### THE RECORDS:
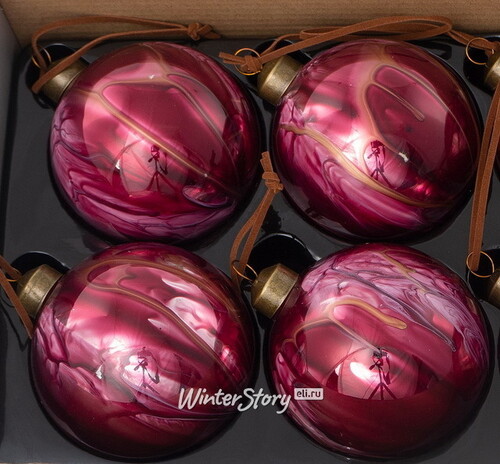 Набор стеклянных шаров Divorze Cremisi 8 см, 6 шт Christmas Deluxe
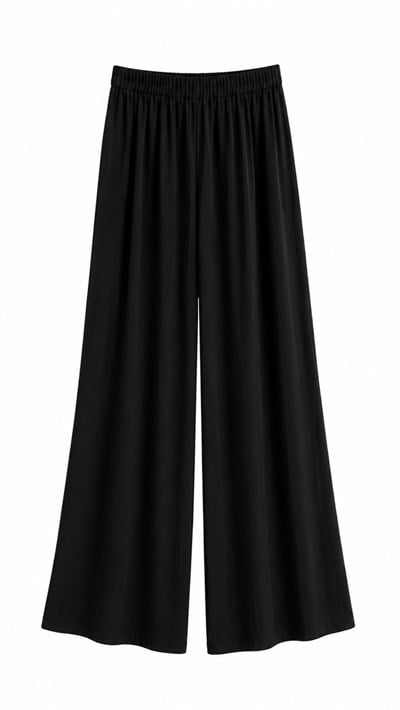 Zra Saten Pantolon - Siyah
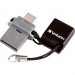 Verbatim 99140 64GB Store 'n' Go Dual USB Flash Drive for OTG Devices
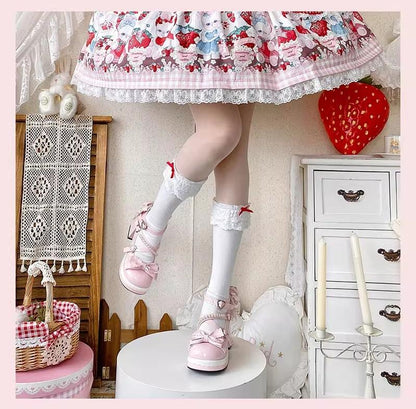 Witch's Night - Crush Complex - Sweet Lolita Heel Shoes, Pearls & Bows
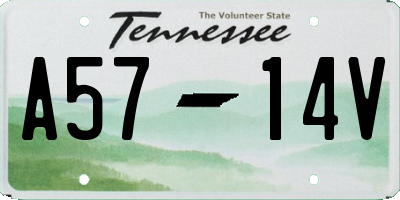 TN license plate A5714V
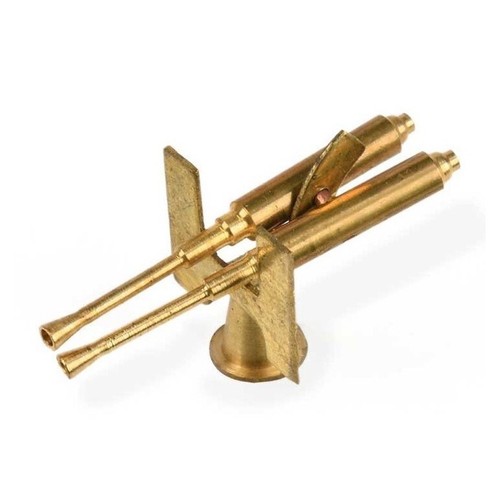 Anti aircraft gun twin mount - gun,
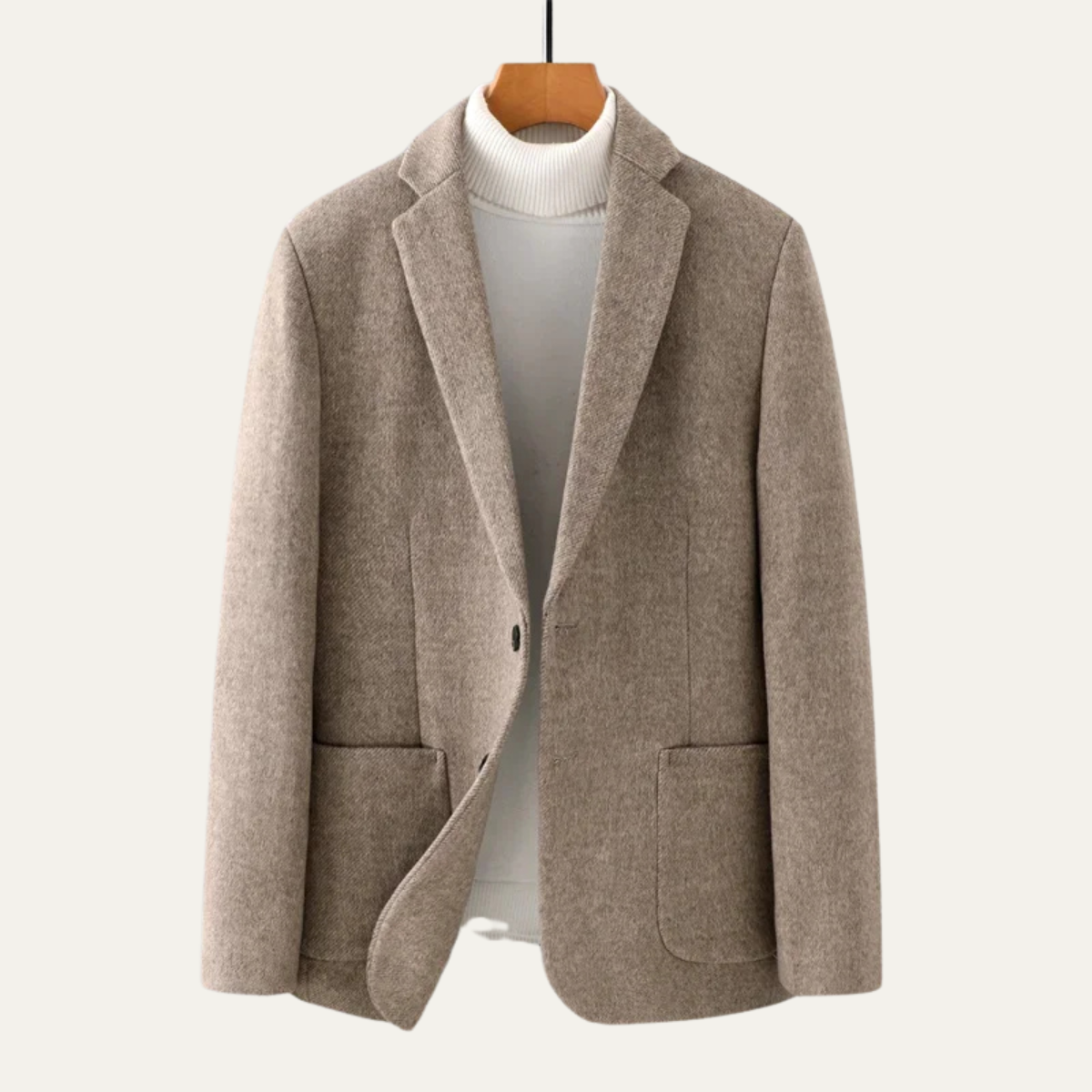 Men's Wool Blend Business Jacket Single Breasted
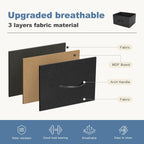 DUMOS Dresser for Bedroom, Storage Drawers, Fabric Storage Tower with 9 Drawers, Chest of Drawers with Fabric Bins, Sturdy Metal Frame, Wood Tabletop for Kids Room, Closet, Entryway, Nursery - Grand Goldman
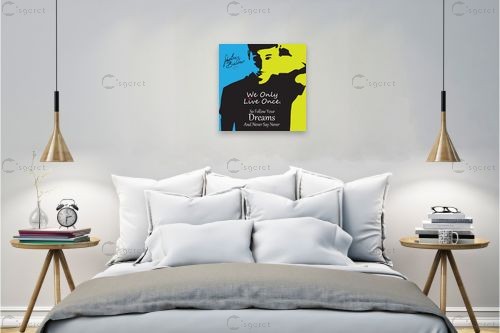 Justin Bieber Quotes - מסגרת עיצובים - תמונות לחדר שינה נוער טיפוגרפיה דקורטיבית  - מק''ט: 240825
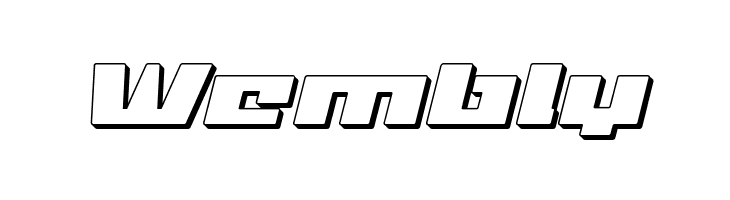 Turbo Charge 3D Italic  Free Fonts Download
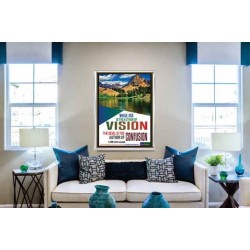 AUTHOR OF VISION   Bible Scriptures on Love Acrylic Glass Frame   (GWABIDE 6390)   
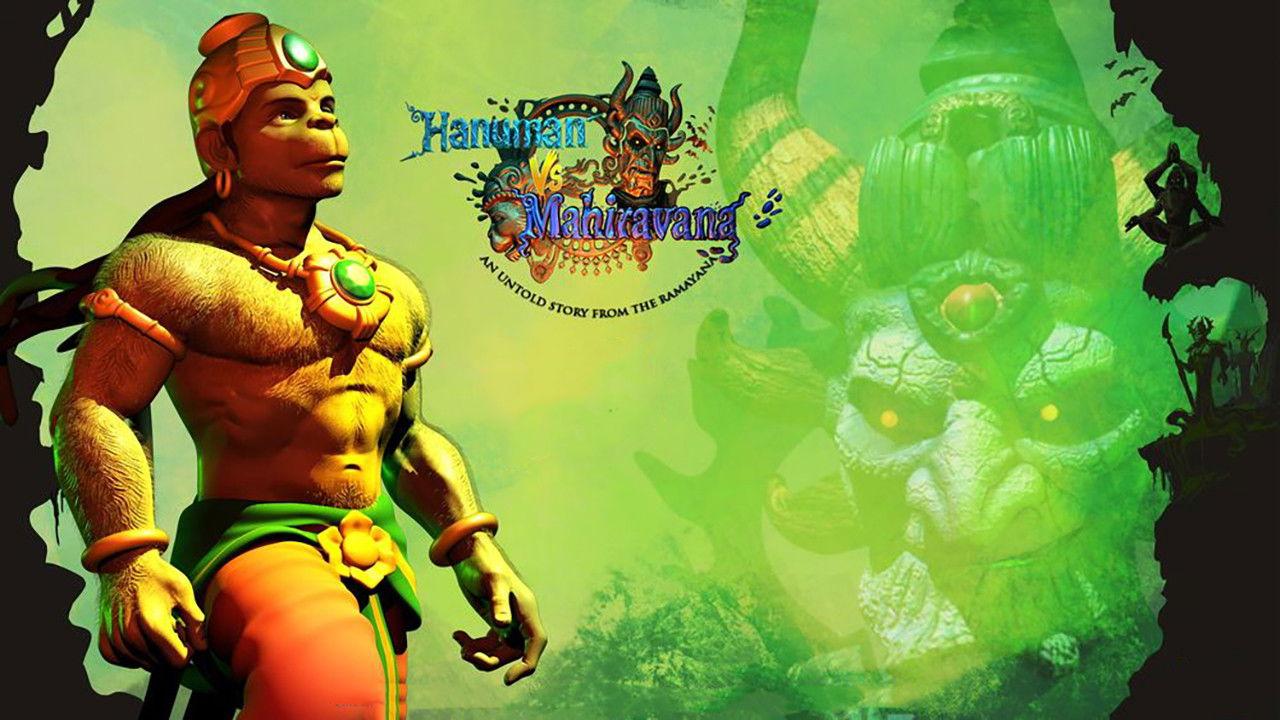 Hanuman Vs Mahiravana backdrop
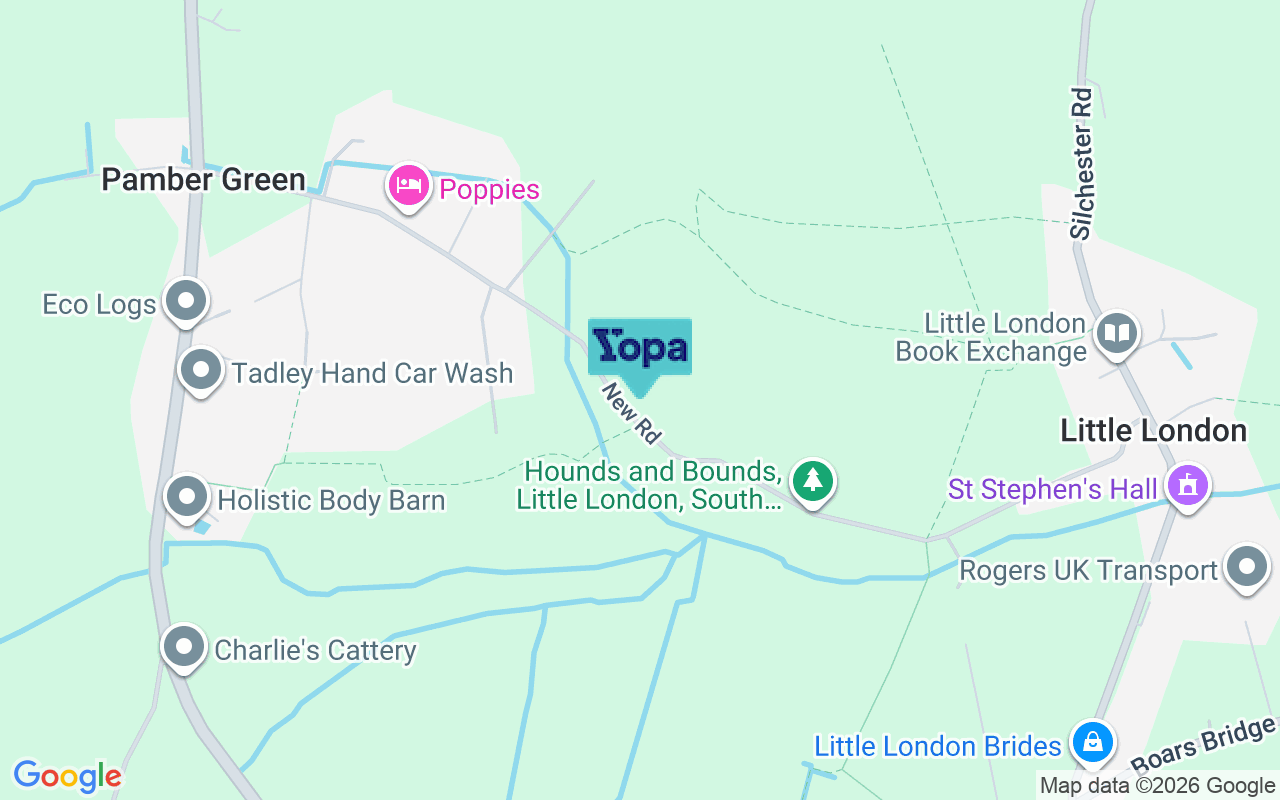 Map showing the location of RG26 3AQ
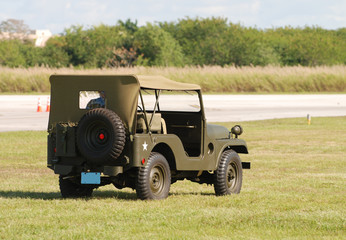 Military wartime Jeep © icholakov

### WHAT YOU HAVE TO DO:
Would you repeat each line of the listing exactly, skipping any picture?

### OUTPUT BELOW:
 Набор стеклянных шаров Divorze Cremisi 8 см, 6 шт Christmas Deluxe
 Zra Saten Pantolon - Siyah
 Verbatim 99140 64GB Store 'n' Go Dual USB Flash Drive for OTG Devices
 Witch's Night - Crush Complex - Sweet Lolita Heel Shoes, Pearls & Bows
 TN license plate A5714V
 Anti aircraft gun twin mount - gun,
 Men's Wool Blend Business Jacket Single Breasted
 DUMOS Dresser for Bedroom, Storage Drawers, Fabric Storage Tower with 9 Drawers, Chest of Drawers with Fabric Bins, Sturdy Metal Frame, Wood Tabletop for Kids Room, Closet, Entryway, Nursery - Grand Goldman
 Justin Bieber Quotes - מסגרת עיצובים - תמונות לחדר שינה נוער טיפוגרפיה דקורטיבית  - מק''ט: 240825
 Turbo Charge 3D Italic  Free Fonts Download
 AUTHOR OF VISION   Bible Scriptures on Love Acrylic Glass Frame   (GWABIDE 6390)   
 Hanuman Vs Mahiravana backdrop
 Map showing the location of RG26 3AQ
 Military wartime Jeep © icholakov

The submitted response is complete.